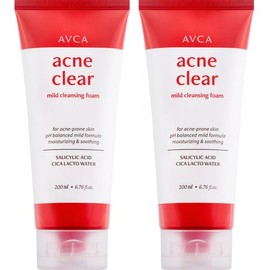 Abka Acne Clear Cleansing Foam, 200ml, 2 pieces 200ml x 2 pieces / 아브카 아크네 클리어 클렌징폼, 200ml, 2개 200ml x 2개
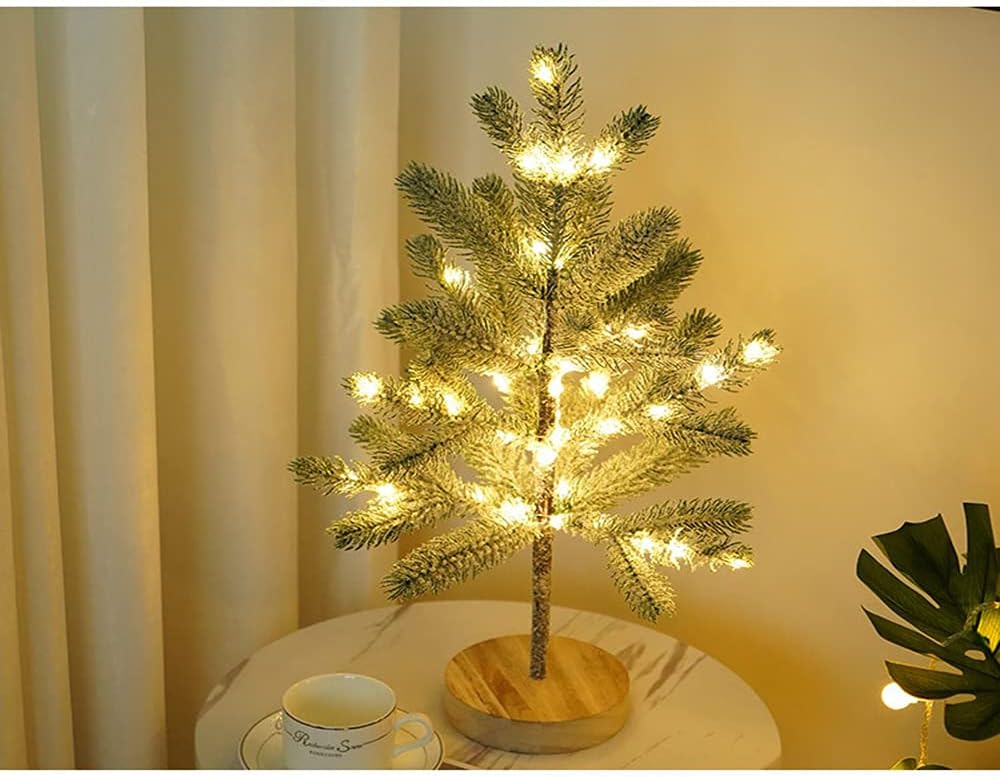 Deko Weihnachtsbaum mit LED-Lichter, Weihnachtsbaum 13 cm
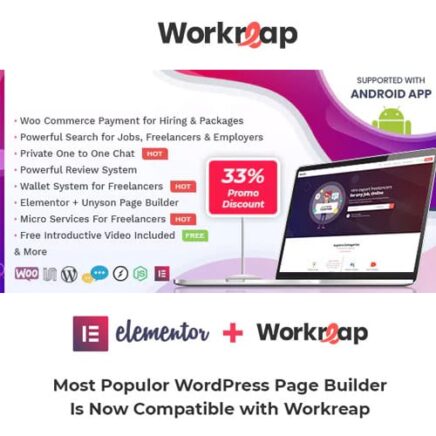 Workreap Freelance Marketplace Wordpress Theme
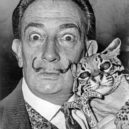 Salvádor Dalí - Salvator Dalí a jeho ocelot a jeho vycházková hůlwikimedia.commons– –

┄┄┄┄┄┄┄┄┄┄

About this task:
Where the line containing "Workreap Freelance Marketplace" appears, begin writing out the lines exactly, and continue through the end of the material above, omitting pictures.

Output below:
 Workreap Freelance Marketplace Wordpress Theme
 Salvádor Dalí - Salvator Dalí a jeho ocelot a jeho vycházková hůlwikimedia.commons– –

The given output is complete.